In its notice amending the Immigration and Refugee Protection Regulations, the Government of Canada issued the following rationale for A22.1 Declarations:
Foreign nationals can be admitted to Canada if they have applied for temporary resident status, meet the requirements of that class and are not inadmissible. The provisions governing inadmissibility are found in sections 34 to 42 of the IRPA (which list specific grounds of inadmissibility such as health, security and criminality). While IRPA provides for authority for the Minister to review cases and permit entry in justifiable circumstances to applicants who are inadmissible, without the new authority for refusal, there was no equivalent authority to deny entry to individuals who are not inadmissible, but to whom the Minister may wish to refuse status based on the public interest.
The new authority more closely aligns Canada’s authorities with those found in the legislation of Canada’s key international partners, such as the United States (U.S.), the United Kingdom (U.K.), and Australia. For example:
- In the U.K., the Home Secretary has the power to personally order an individual excluded from the U.K. in cases where their presence would not be conducive to the public good. For example, this can be done on the basis of national security, foreign policy, public order, or serious criminality. The Secretary does not delegate this power to other officials.
- In Australia, the Minister for Immigration, Multicultural Affairs and Citizenship has the authority to refuse or cancel a visa on national interest grounds. In addition, Australia’s immigration law allows for visa refusals and cancellations by the Minister or delegate based on foreign policy interests and the likelihood that an individual will promote or participate in violence if allowed to enter or remain in Australia.
- In the United States, the Secretary of State may direct a consular officer to refuse a visa if necessary for U.S. foreign policy or security interests. The Secretary of Homeland Security can delegate the authority to immigration officers to revoke a visa. Additionally, the President may restrict international travel to the United States and suspend the entry of certain individuals (both immigrants and non-immigrants) whose presence would be considered detrimental to the U.S.
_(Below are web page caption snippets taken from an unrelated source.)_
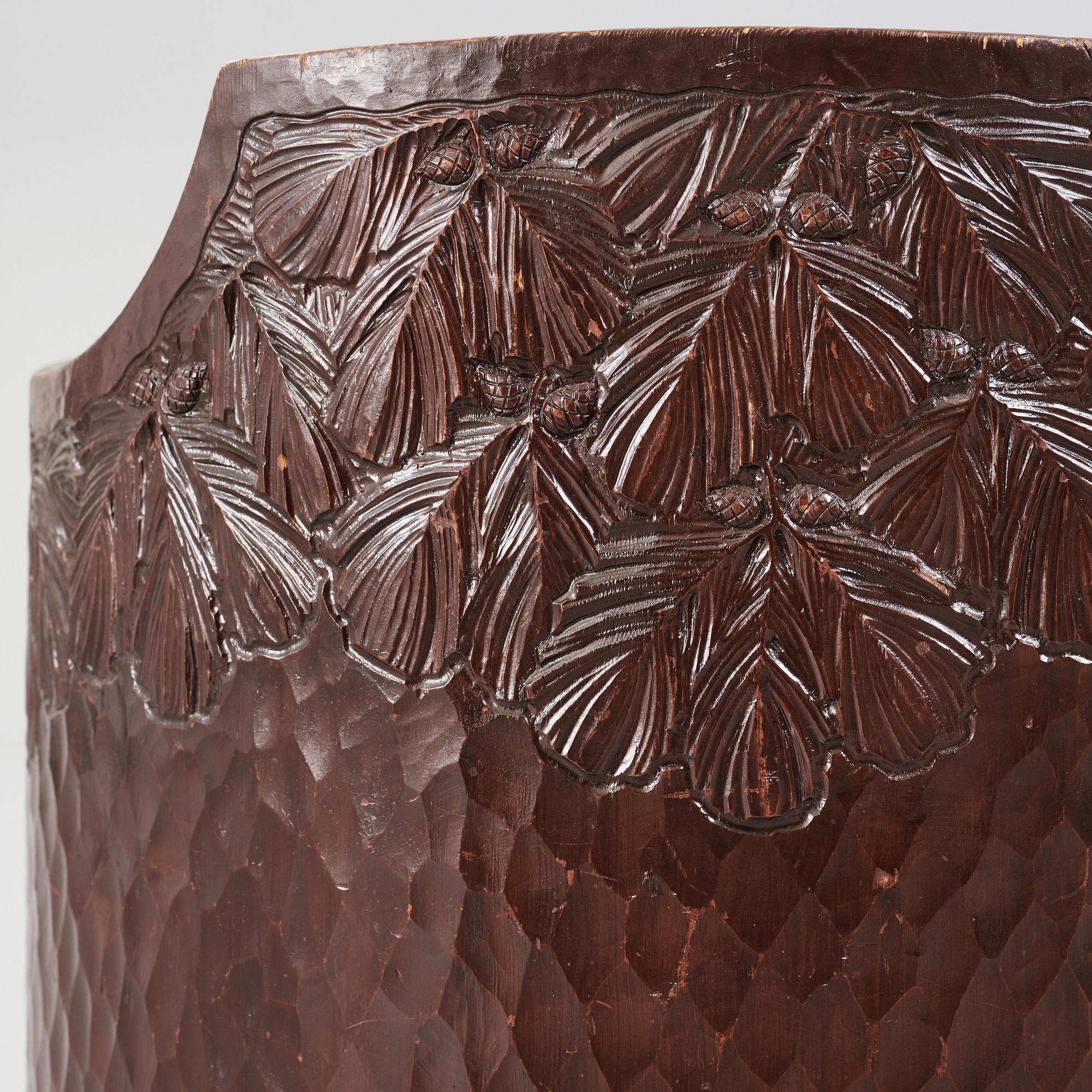 Otto Wretling, attributed to, a pair of Art Nouveau carved pine easy chairs,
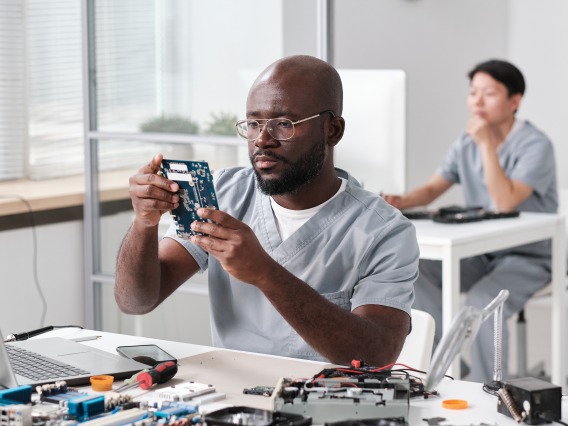 Young serious repairman looking at circuit board of electronic device in his hands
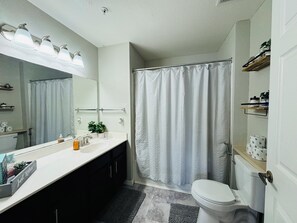 A bathroom with a shower curtain, a toilet, a sink with a mirror, and a shelf with toiletries. - Spacious 4-bedroom townhome with AC in peaceful Kissimmee FL Gated Community, (Kissimmee)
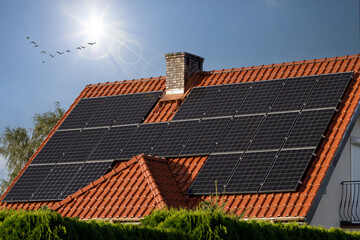 A large number of black solar panels on the red tile roof. Photovoltaics, panels on red tile roofs....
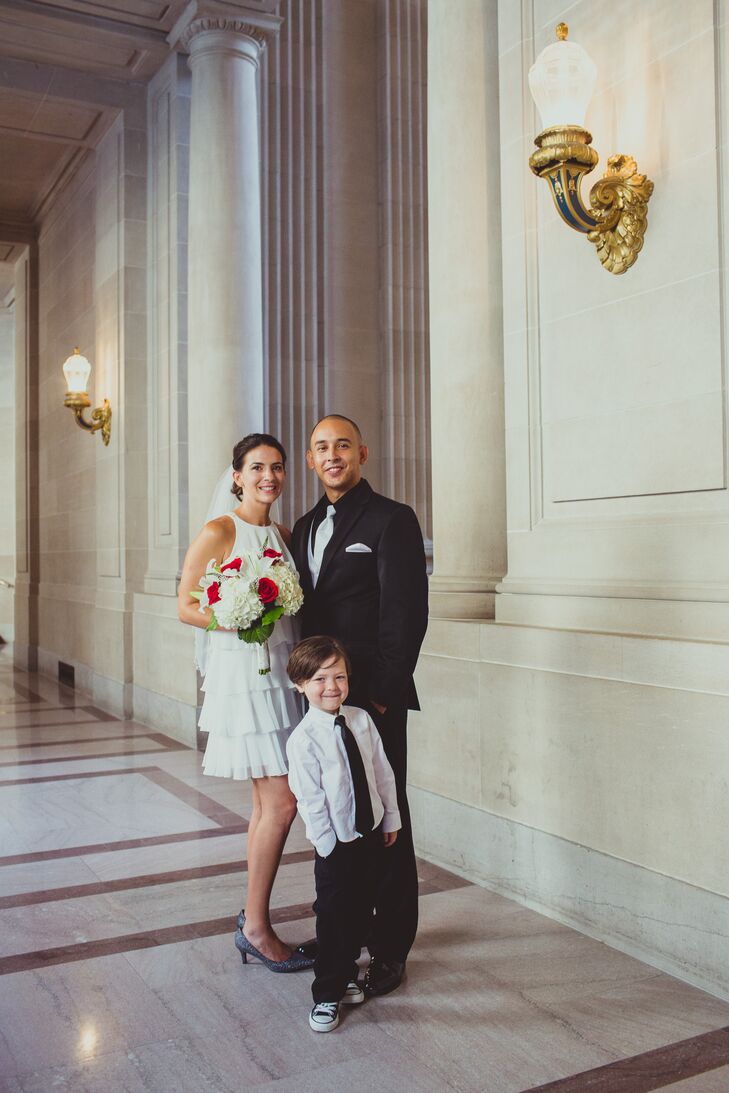 The bride and groom posed with a young family member at the San Francisco City Hall.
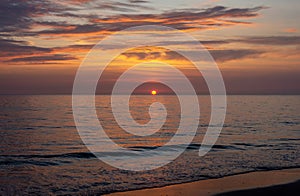 Beautiful sunset at the sea with romantic, colorful sky photographed from the dutch beach at Schoorl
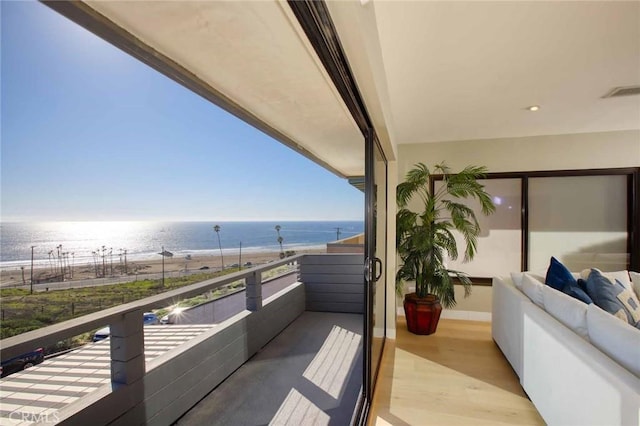 balcony featuring visible vents, a water view, and a beach view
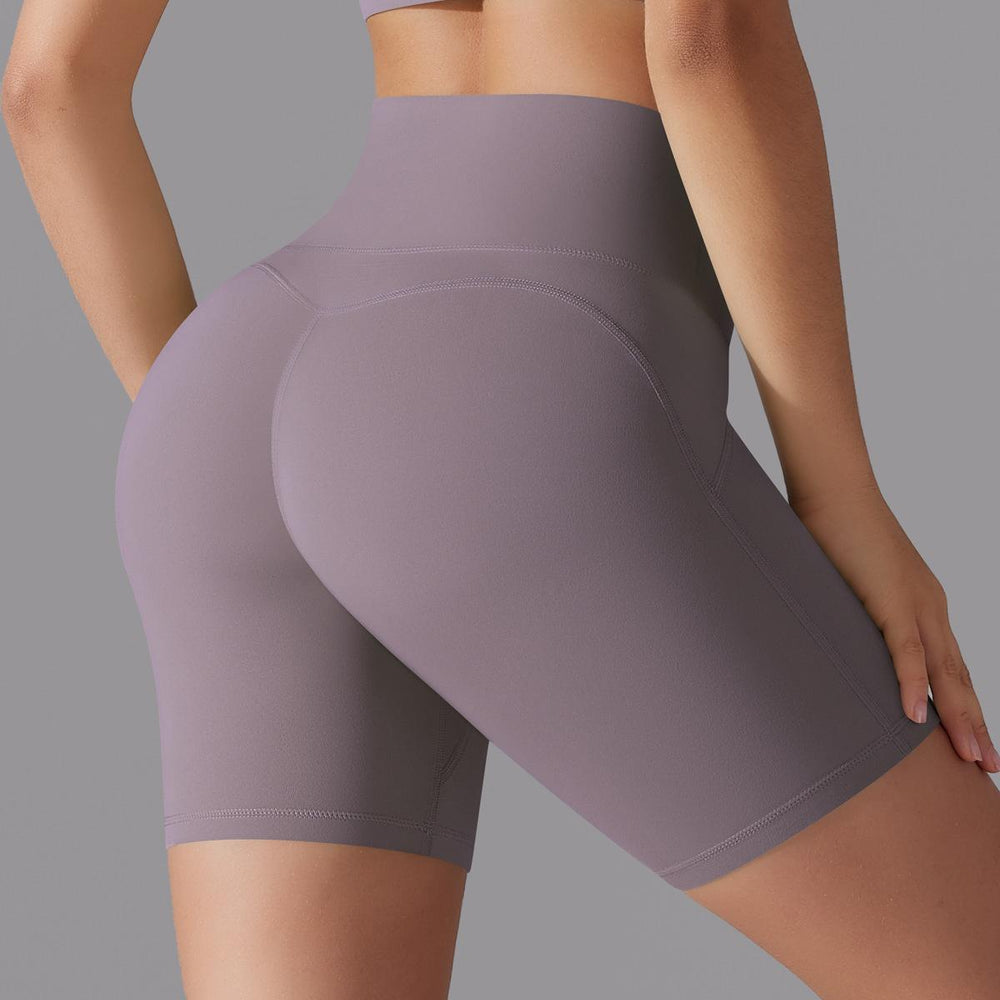 Naked-feel, high-waisted, butt-lifting yoga shorts – perfect for running, fitness, and a custom-made, three-quarter length fit. sampling and oem manufacturing available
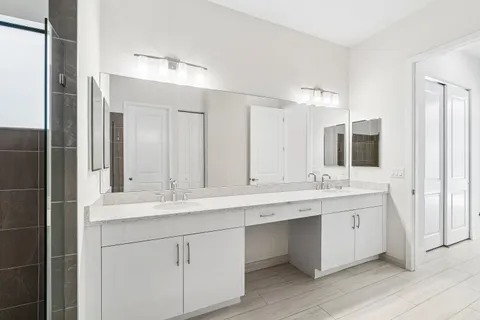 a bathroom with a granite countertop sink double and mirror
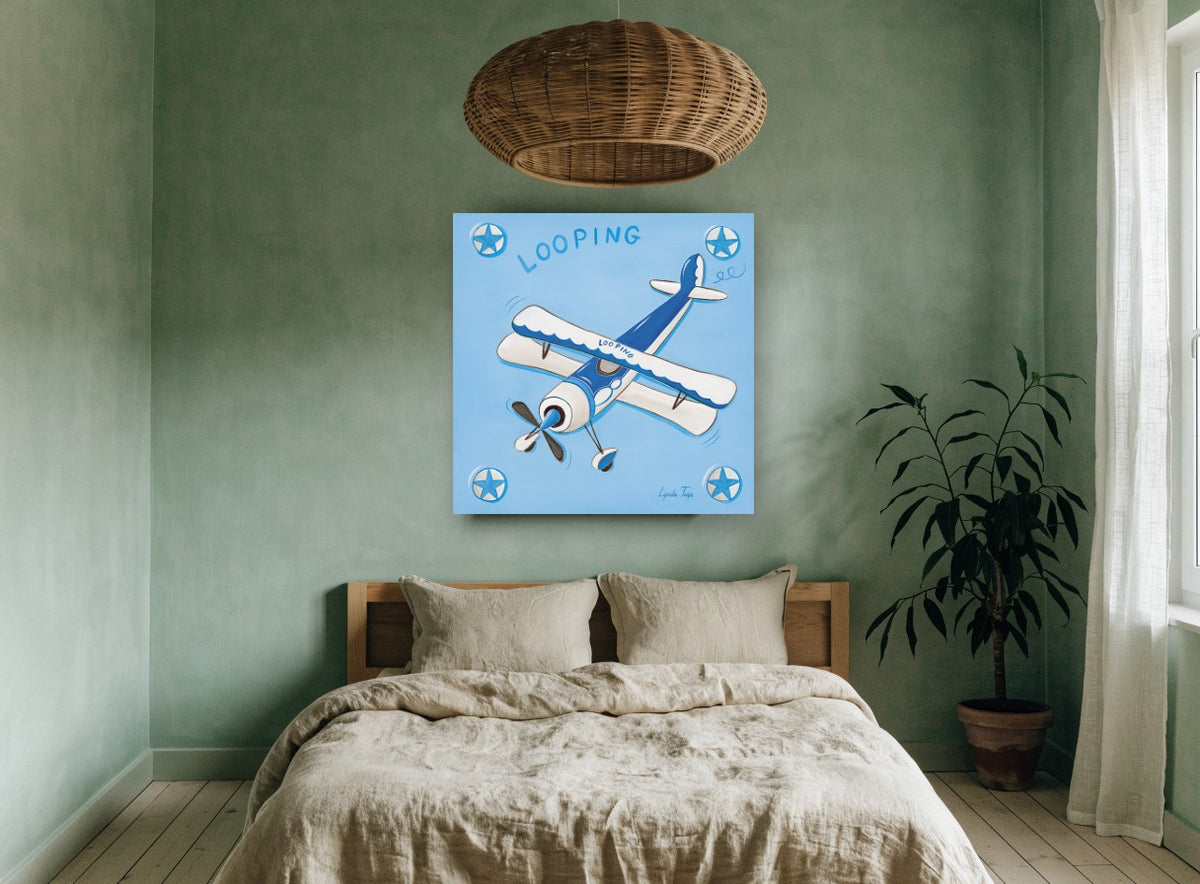 Blue Looping Biplane kids canvas print on the wall of a bedroom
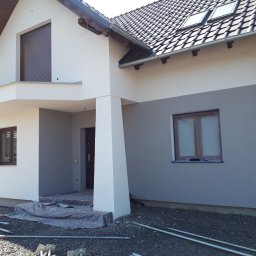 IZO-PLUS PAWEŁ WALSKI - Dwukolorowa elewacja domu jednorodzinnego z widocznymi oknami zabezpieczonymi folią malarską i rusztowaniem w trakcie prac wykończeniowych.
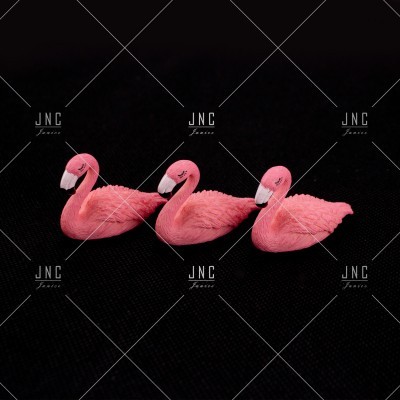 Três figuras decorativas de flamingos rosa sobre fundo preto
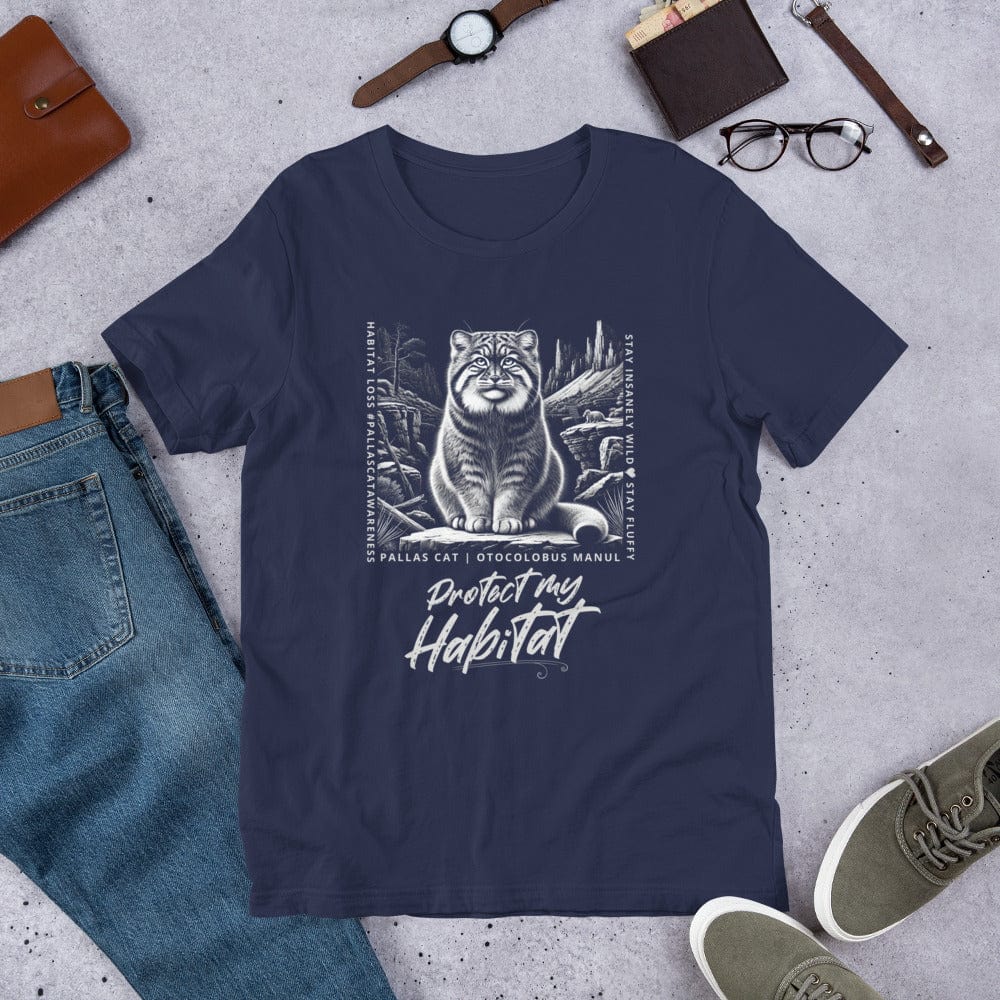 Navy blue t-shirt featuring a detailed black-and-white illustration of a Pallas cat sitting in its natural habitat, surrounded by mountains and rocks. Text reads 'Protect My Habitat' with additional phrases like 'Habitat Loss | Pallas Cat Awareness' and 'Stay Insanely Wild & Stay Fluffy'.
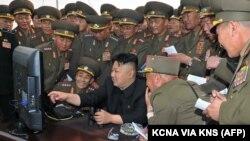 Lãnh tụ Bắc Triều Tiên Kim Jong-Un xem một cuộc tập trận pháo kích của đơn vị pháo binh trên máy tính cùng các giới chức quân đội (Ảnh tư liệu do thông tấn xã Bắc Triều Tiên KCNA phát hành).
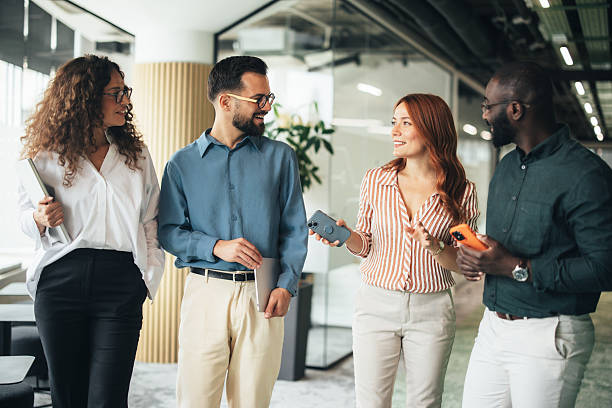istock Professional colleagues having a conversation on the move 2247973964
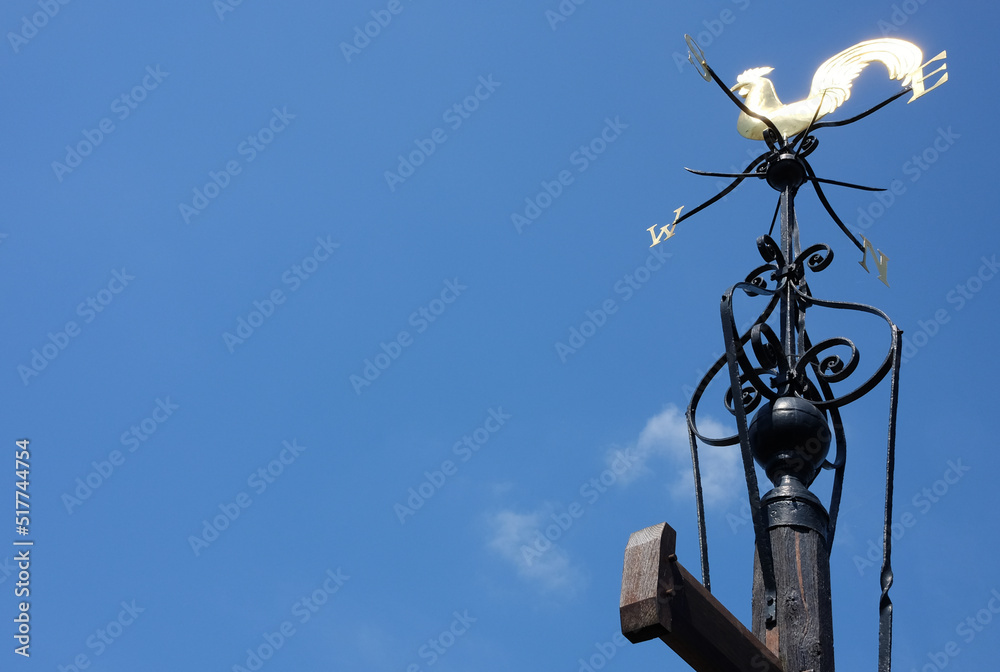 A rooster weathervane under the sky A rooster weathervane under the sky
The new authority for refusal and associated regulatory amendments that implement the provision allow the Minister of Citizenship and Immigration to more effectively promote and defend Canada’s public policy interests. The amendments ensure that foreign nationals engaged in behaviours which may give rise to public policy concerns, such as those set out in the publicly available list of guidelines, can be denied temporary resident status. The authority addresses cases where a foreign national may not otherwise be considered to be inadmissible under the IRPA provisions; however, they are nonetheless promoting or perpetuating activities that are contrary to Canadian public policy.
My thoughts on A22.1 Declarations remain the same as when I had this Tweet exchange with Jason Kenney, the former Minister of Citizenship and Immigration Canada.
I’m not sure why Minister Kenney ultimately chose to not enact narrowly circumscribed legislation.